Backpacking across Europe is perhaps a right of passage. Maybe I’m a bit behind the times? Australia is the new Europe when it comes to a popular destination for young backpackers: a plane ticket, a printout of your hostel booking info, your backpack, and, if you’re lucky, a friend by your side.
You’re off to see some amazing cities and meet some interesting worldly people. That’s the expected. The unexpected: inclement weather, becoming violently ill, getting mugged or, on a lighter — yet devastating — note, a broken heart.
It can work both ways. Partners travelling together easily underestimate the frustrations that can come with being with each other all the time and finding compromise in their decisions when one wants to do something completely different from what the other wants to do. Don’t forget, you’re meeting a lot of new people and temptations can weasel their way into a holiday. Especially when travelling multiple continents for months at a time.
The second way it can work is going it alone, meeting someone new from a completely different country and culture, and it turns out to be a little more than a one-night fling at the hostel.
Falling in love can happen anywhere and in the strangest ways. I’m a firm believer in love at first sight; it’s all in the eyes.
It’s not uncommon to know someone who went travelling, met another traveller, they fell in love, one relocated to be with the other and they lived happily ever after.
You’re both globetrotting for the same reason of experience something new and having some fun. In the meantime, your shared adventure is changing both your lives, together.
The ugly side to this sought-after lifestyle is when it’s home time. The calendar draws closer to the departure date on your ticket and both you and your newfound love know the end is inevitable. Many long hugs and goodbye kisses in foreign airports only prolong the heartache. It’s a long lonely walk back to the car from the airport.

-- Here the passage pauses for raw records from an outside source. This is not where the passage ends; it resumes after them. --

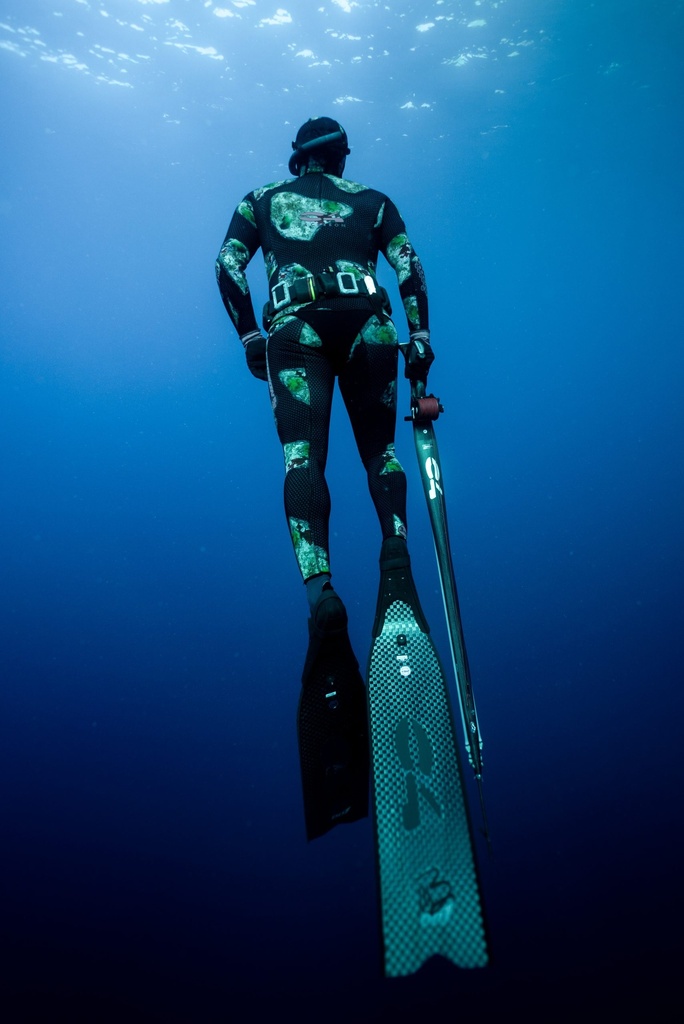 C4 Aletas Carbono MB001 Dureza 20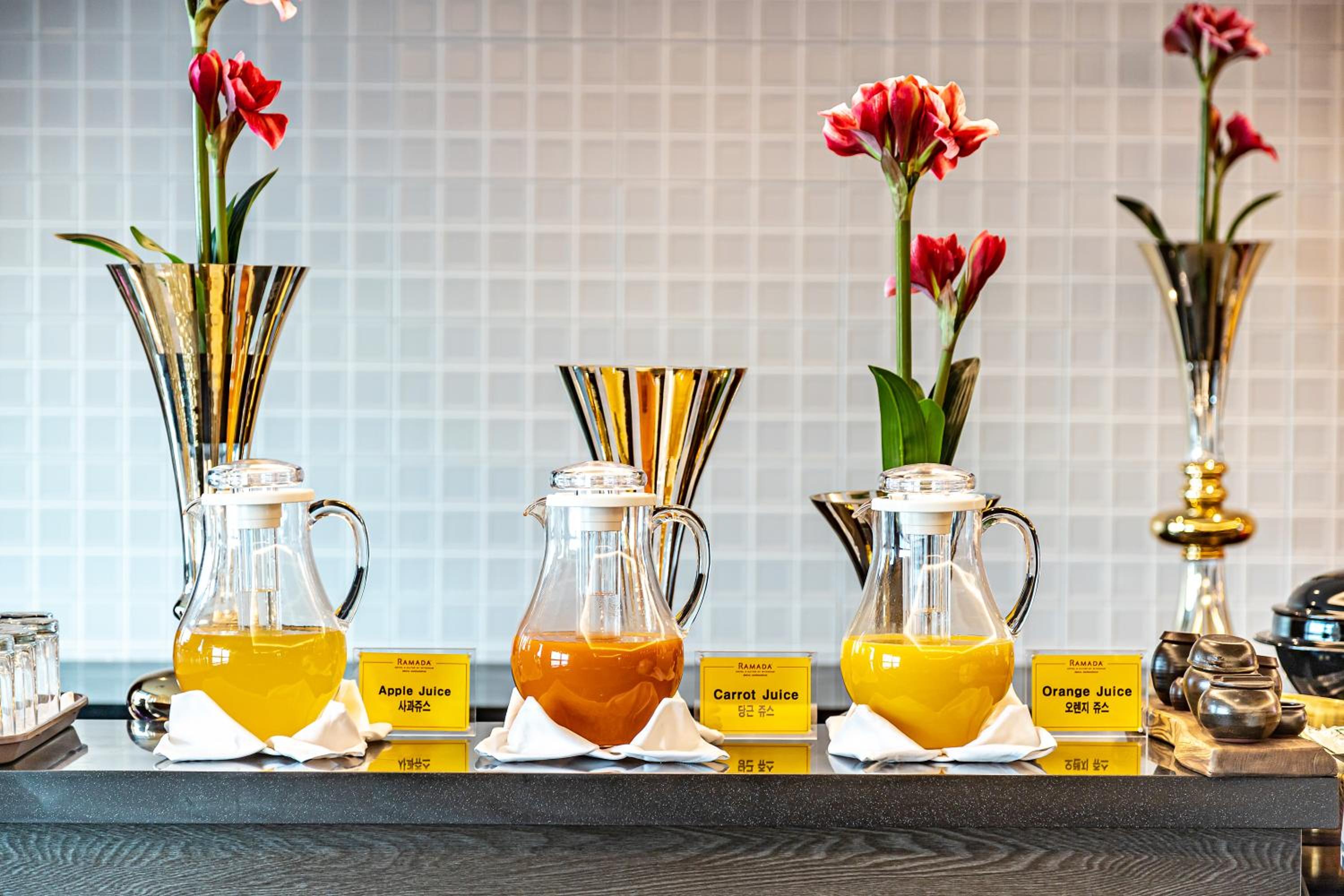 Фото Ramada Hotel and Suites Seoul Namdaemun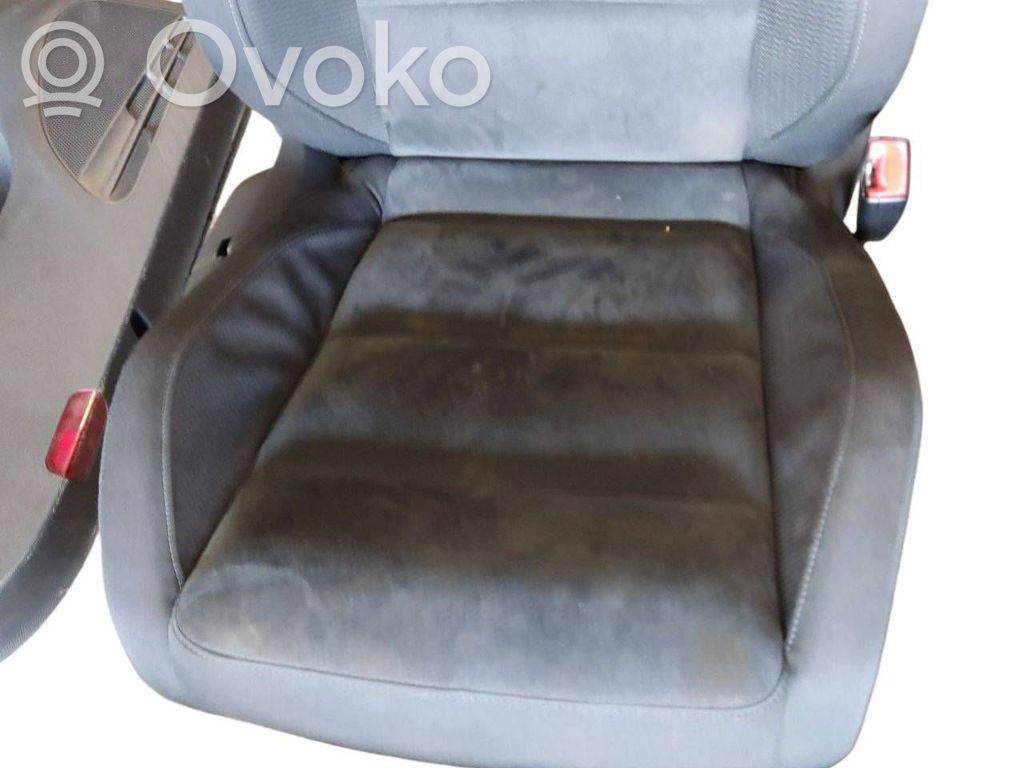 Sēdekļu komplekts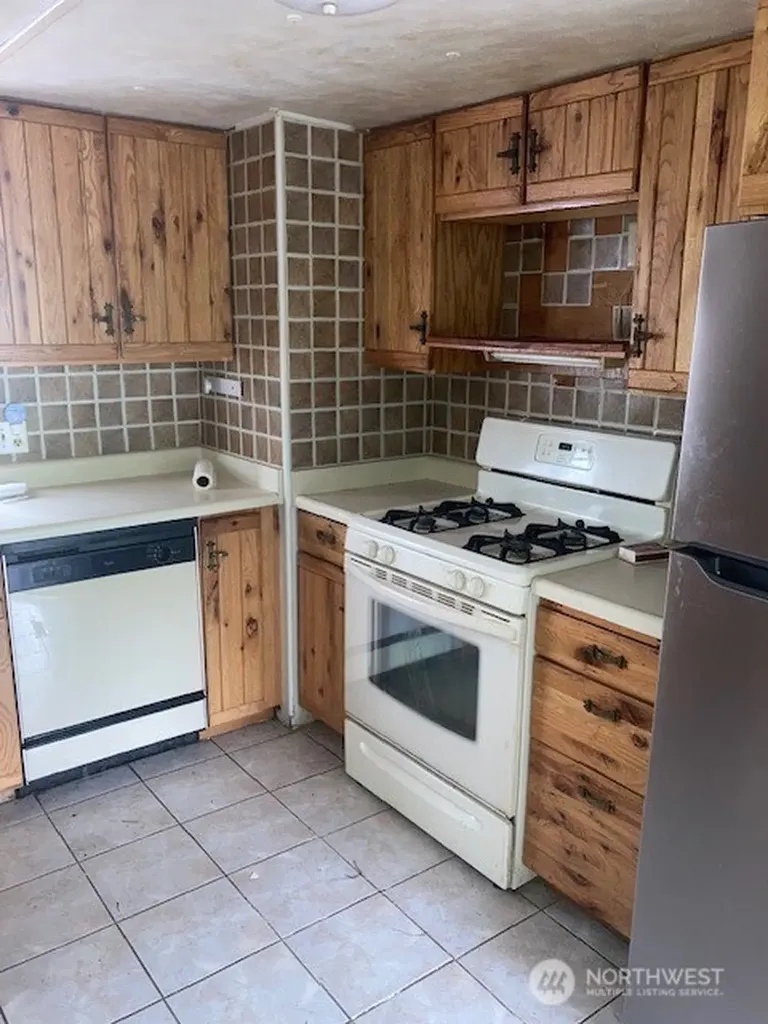 50 N Quinault Place Hoodsport WA 98548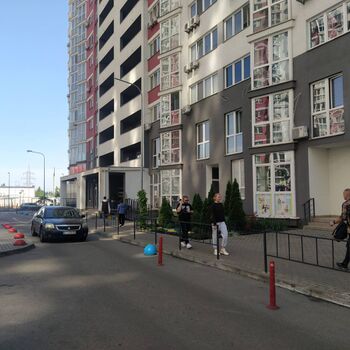 Аренда магазинов - Киев,  Михаила Драгоманова ул.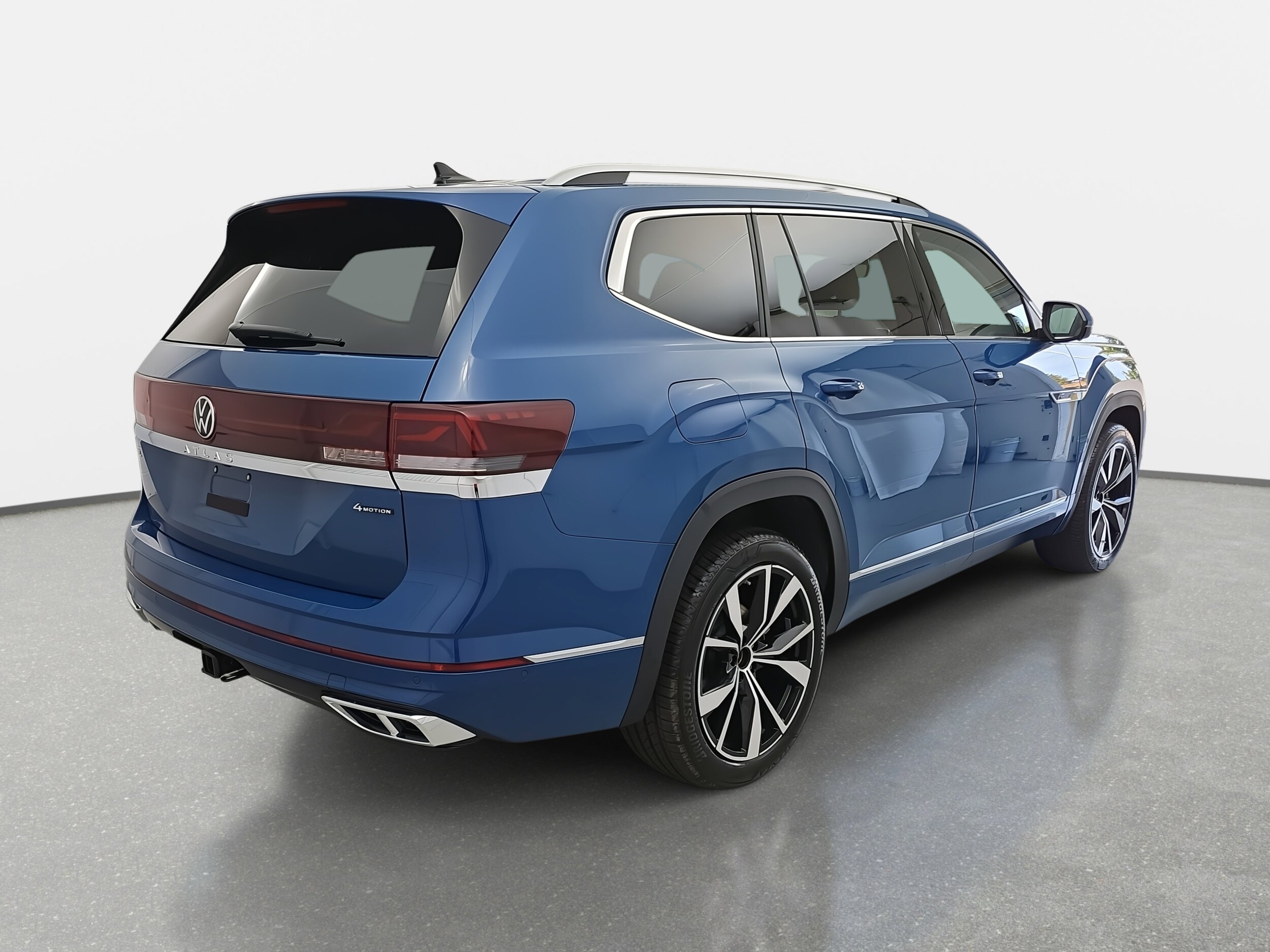 2026 Volkswagen Atlas SEL Premium R-Line photo 3
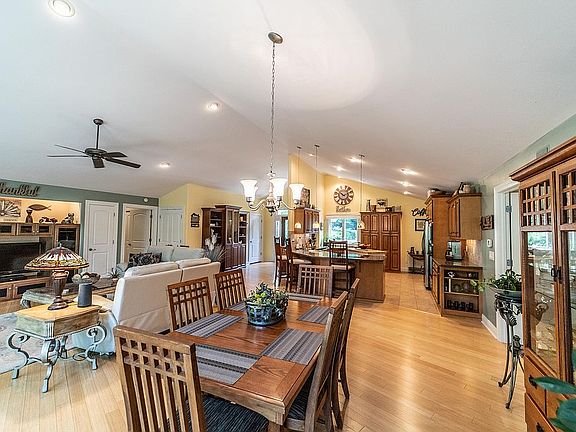 5th image of 32 Chatham Ct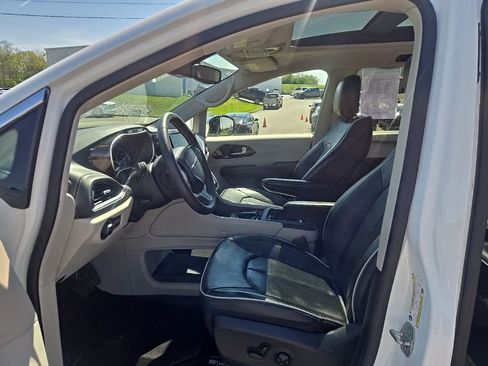 Used 2023 Chrysler Pacifica Limited image 6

Believe me, I know. I’ve been there.
You both promised you’d keep in touch through Skype or Facebook, but it’s not the same. There’s even promises to come visit each other’s country, but when you get home life soon gets in the way. Old routines begin to creep back and “real” plans start to dictate your life. You meet new people.
Goodbyes were never meant to be easy. I find them especially hard. You can beat yourself up thinking about the other couple who met abroad and made their relationship work, so why couldn’t yours? It’s no use.
Look over your pictures, remember the events and the places you both experienced together, and look back over your trip and this person as a happy time in your life. Who knows, you might meet up a year or two down the road and circumstances may be different and be favourable to continue building on a relationship.
Immigrating to a new country by means of marriage or long-term relationship is an arduous process. The flood of paper work, long wait times and financial commitment is enough to get anyone discouraged. Canadian immigration laws are no exception to this headache.
So maybe we are better off just having fun and not getting too serious with a fellow traveller? We’d save ourselves much tears and pain.
After the healing effects of time and looking at the big picture, we realize it’s all part of the journey and the experience. It’s the soul-touching and heartbreaking moments that make the experience what it is. It’s these instances that confirm for us that we’re alive.